Agriculture Hopes to Hear Support for Safety Net

President's State of the Union will be closely watched in farm country.

Published on: Jan 24, 2012

President Obama's State of the Union address Tuesday will likely be as much about what Obama hopes to achieve in the next four years if re-elected as about the last four. American Farm Bureau Federation Executive Director Mark Maslyn says front and center for agriculture as the President prepares to make his State of the Union Address is a sound farm safety net.

"Given the limited resources of the Federal Government, what is the proper way to spend a dollar in building a safety net," Maslyn said. "We think that the appropriate role for the Federal Government is to be there in those instances where you have a severe catastrophic or deep loss that shakes the fundamental structure of the farm business as opposed to just a small downturn in revenue."

Maslyn calls that the fundamental role of U.S. farm policy, to have a safety net that works not in good or even poor times, but in rare catastrophic times, the kind of deep loss coverage AFBF delegates endorsed at their recent annual conference.

Maslyn says if one of Washington's goals is to stimulate the economy, then easing back on the regulatory throttle ought to be an Obama Administration priority.

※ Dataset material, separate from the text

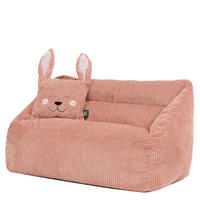 KINDERSITZSACK Sofa Cecilia mit Animalkissen - Pink, Textil (95/50/55cm) - icon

"We saw the President last year in his State of the Union address, specifically reference, the regulatory agenda and what he was doing to try to minimize it," Maslyn said. "Frankly we have not seen that; it has been a very aggressive regulatory agenda aimed at agriculture and this seems to be continuing."

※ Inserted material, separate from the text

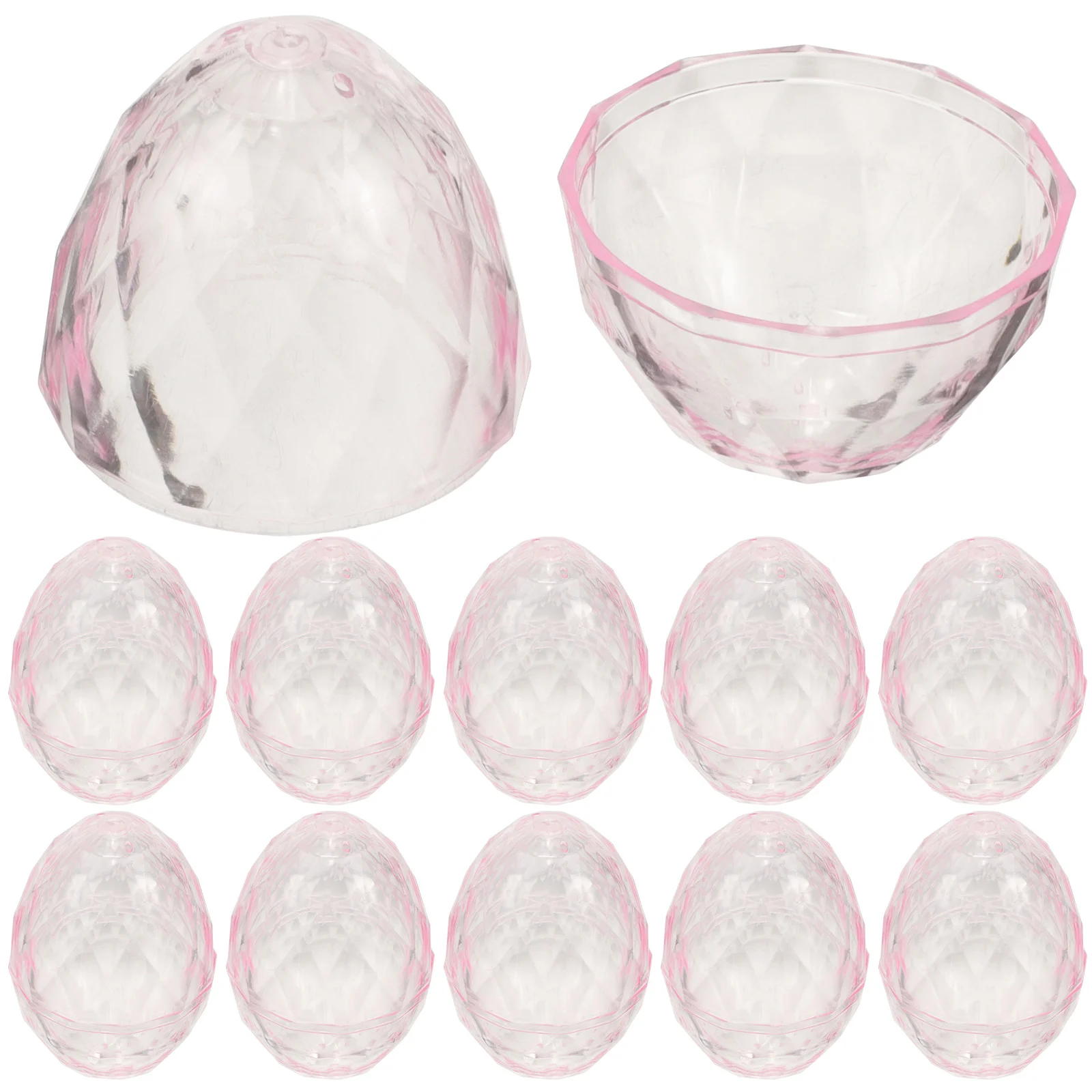12 Pcs Egg Gift Box Easter Party Supplies Personality Shaped Ball Candy Boxes Fillable Ornaments for DIY Plastic Green
12 Pcs Egg Gift Box Easter Party Supplies Personality Shaped Ball Candy Boxes Fillable Ornaments for DIY Plastic Green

Whether it's the XL Pipeline permit, water or climate change regulations or those affecting foreign guest workers, Maslyn says it's time to put politics aside and focus on real solutions . That may be tough in a highly-charged election year where deficit-reduction politics is so closely tied up with tax policy and extending key tax breaks, the estate and capital gains breaks and those for biofuels, wind and research.

"Last year was a very political year and this year is only going to get more political as we head toward the election," Maslyn said. "More and more people talk about a lame duck session and a lot of these difficult issues, including the farm bill, and deficit reduction and the debate on taxes being postponed until after the November '12 elections."

Maslyn says the large tax issues for ag can only be addressed if the Congress and White House work together, something they were hardly able to do last year.